سُبْحَٰنَ ٱلَّذِىٓ أَسْرَىٰ بِعَبْدِهِۦ لَيْلًا مِّنَ ٱلْمَسْجِدِ ٱلْحَرَامِ إِلَى ٱلْمَسْجِدِ ٱلْأَقْصَا ٱلَّذِى بَٰرَكْنَا حَوْلَهُۥ لِنُرِيَهُۥ مِنْ ءَايَٰتِنَآ ۚ إِنَّهُۥ هُوَ ٱلسَّمِيعُ ٱلْبَصِيرُ
Al-Israa’ (17:1) : “Maha suci Allah, yang telah memperjalankan hamba-Nya pada suatu malam dari Masjidil Haram ke Masjidil Aqsha yang telah kami berkahi sekelilingnya agar kami perlihatkan kepadanya sebagian dari tanda-tanda (kebesaran) kami. Sesungguhnya Dia adalah maha mendengar lagi maha mengetahui.”
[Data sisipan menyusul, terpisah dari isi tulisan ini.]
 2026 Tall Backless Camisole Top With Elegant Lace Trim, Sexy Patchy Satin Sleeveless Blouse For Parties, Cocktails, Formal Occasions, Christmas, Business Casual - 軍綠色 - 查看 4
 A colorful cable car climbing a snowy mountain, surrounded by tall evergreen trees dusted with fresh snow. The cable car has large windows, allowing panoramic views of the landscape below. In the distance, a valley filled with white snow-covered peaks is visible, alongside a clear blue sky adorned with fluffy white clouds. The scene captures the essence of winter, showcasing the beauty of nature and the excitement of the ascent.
Isra’ mi’raj Nabi Muhammad SAW. merupakan sesuatu yang tidaklah asing didengar oleh telinga kita, karena merupakan hal yang pada umumnya diperingati oleh umat muslim tiap tahunnya. Bagi umat muslim, hal ini merupakan sesuatu yang wajib diyakini karena merupakan sesuatu yang diceritakan oleh lisan yang paling jujur yakni Nabi SAW. karena salah satu sifat wajib bagi rasul adalah ash-shidqu (jujur). Akan tetapi, manusia sebagai makhluk yang berakal sudah sewajarnya akan condong untuk lebih mempercayai sesuatu yang bisa dinalar oleh akal (rasional), karena hal tersebut dirasa lebih dapat dipercaya dan dapat dibuktikan kebenarannya ketimbang sesuatu yang sifatnya tidak logis/tidak masuk akal (irasional) yang tidak dapat dibuktikan kebenarannya dan dirasa mustahil. Lalu bagaimanakah dengan peristiwa isra’ mi’raj? Apakah ia rasional? Jika tidak, maka apakah ia irasional? Sehingga merupakan sesuatu yang diyakini didasarkan pada keimanan belaka?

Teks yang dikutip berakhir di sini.